I wrote here a couple days ago: "For a Hacker News degenerate, everything in the world revolves around bean-counting B2B SaaS CRUD crapps, but it doesn't mean it's all there is to the world, right?"

I didn't even know that 180nm was still a thing but clearly it is because apparently the cost difference is like USD 100M for 180nm vs USD 10B or more for the latest tech?

Is it true that we will likely have these 180nm chips for things like light bulbs for the foreseeable future?

  • Yes, actually 180 nm still represents a sizable amount of the market, in terms of volume! In more niche applications where chips contain lots of analog functionlity, you can still find plenty of designs being done in 180, 130, 110, and 65 nm. Most corporate designs don't disclose this, but I'd venture to guess the majority of integrated circuits in your home are made on these larger "process nodes". I work in 65nm and 130nm, for example. Free to ask if you want to know more!

    • I work in a similar market, and we're only just starting to phase out these larger nodes and move to 22nm simply for wafer availability.

      It doesn't benefit from 22nm - analog blocks generally don't scale down at all, they have to be a particular size to achieve particular current handling, inductance etc. requirements. But we need the production line availability.
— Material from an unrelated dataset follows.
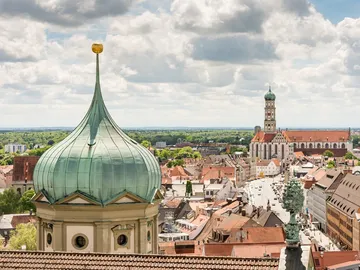Grün kupferne Kuppel überblickt Stadt mit Kirchen und Häusern.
    • I'm not OP, but perhaps you, or somebody else here, could answer my question, albeit one that is slightly off-topic. In the recent years, in part courtesy of cryptoindustry investment, there were many advancements in zero-knowledge mathematics and applied cryptography. I've been on-and-off researching computational approaches to liquid democracy[1], on the off-chance that we may one day apply it in my country, Ukraine, and I came to conclusion that open hardware-as-public good are table stakes to that end. The modern computers are way too complex, and the trust in them is at an all-time low. To bring computation into politics—it's a tall order. However, if we could buy a fab, design some hardware transparently, allow inspections from civil groups and scientists, maybe that could work... What kind of costs are we looking at for establishing something like 130nm process, and would it be possible to buy out the necessary IP, too, so that everything could be done in the open?

      Does this even work longterm? I'd like to think transparent-by-design hardware manufacturing is not a pipe dream, but if that's the case, I would hate to give it too much thought.
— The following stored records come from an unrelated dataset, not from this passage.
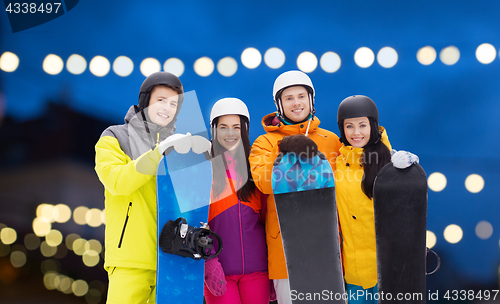 Image of happy friends in helmets with snowboards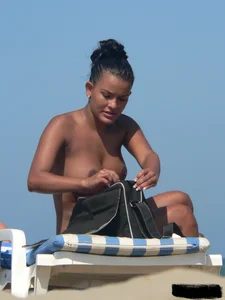 Hot ass topless beach girl with great tits lets her little brother oil up her ass in thong bikini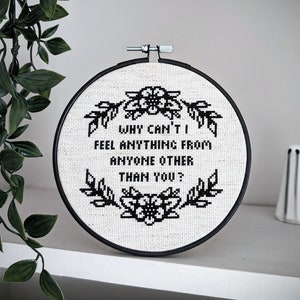 Puede incluir: Aro de bordado blanco y negro con el texto "Why can't I feel anything from anyone other than you?" rodeado de diseños florales.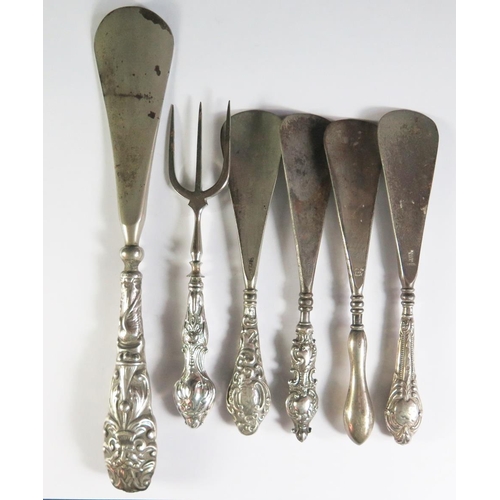 132 - A Collection of Silver Handled Shoe Horns etc.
      [1] https://en.wikipedia.org/wiki/Liquid_democracy

      7 replies →

  • More thank light bulbs. As you have correctly pointed it out, its a matter of economics: 180nm is CHEAP! So a lot more things become economically viable, think of all the weird specialized ASICs that used to be to expensive to build.

    • Not only that, but 180nm/130nm is the only option that is OpenSourced, as of now. Transistor Libraries for ICs (or, PDKs) have long been proprietary. I'm only aware of IHP and Sky130, which are actually banking on Fossi or Libre Silicon design.
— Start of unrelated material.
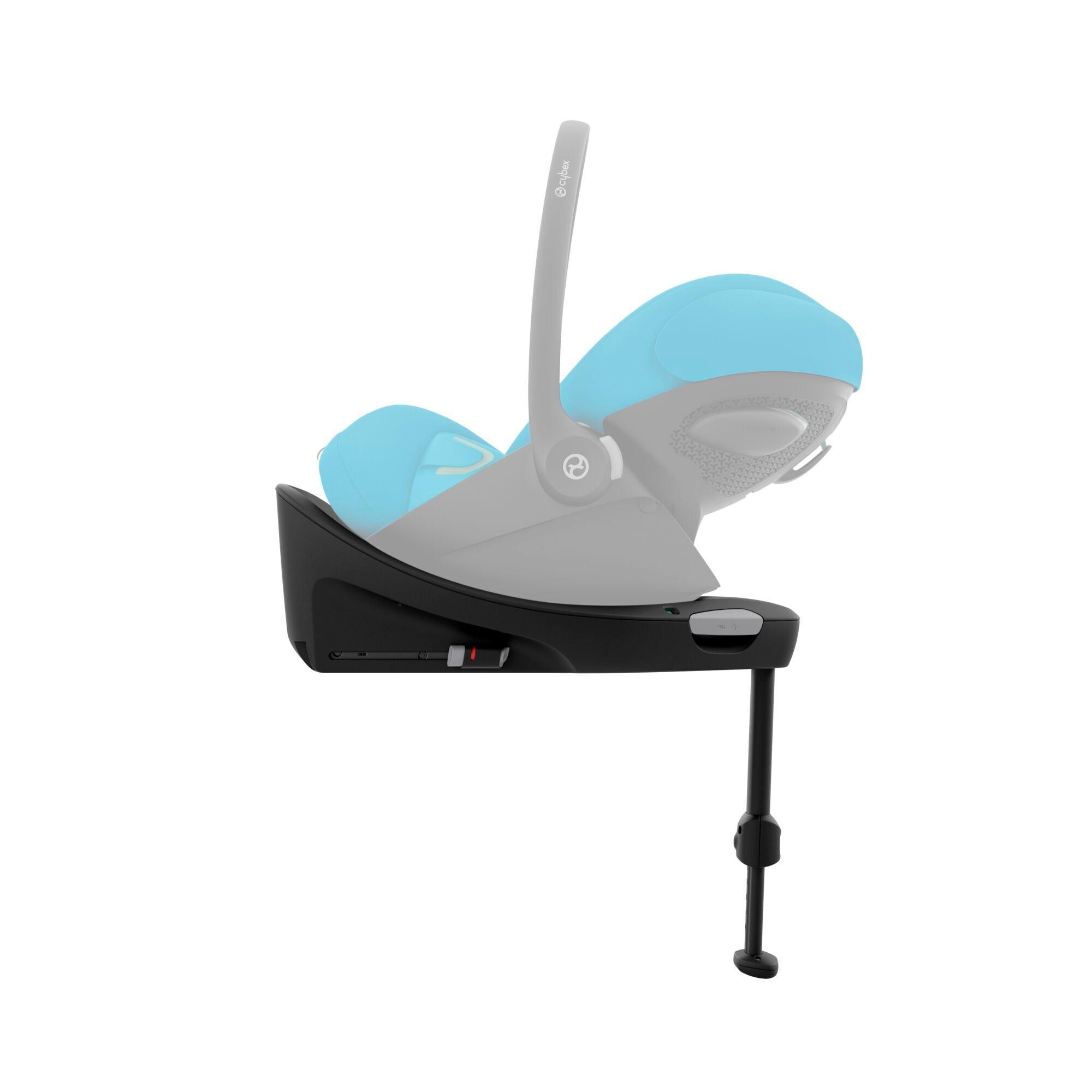 A semi-transparent CYBEX Cloud G car seat in Beach Blue Plus mounted on a black CYBEX Base G Isofix base. The image focuses on the base, showcasing its robust design with Isofix connectors and an extendable support leg, while the car seat's details are muted to emphasize the base.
  • That's what is expected to finally kill Moore's law: the economics. At some point it'll still be technically possible to fabricate smaller IC structures, stack more layers etc, but the tech to do so (and fabs to do it at scale) will be costly enough that it's just not worth it.

    The other point is of course a next-gen fab first needs to be built, and get those yields up. While previous-gen fab already exists - with all the fine-tuning already done & kinks ironed out. Not to mention maaanny applications simply don't need complex ICs (typical 32bit uC comes to mind, but even 8bit ones are still around).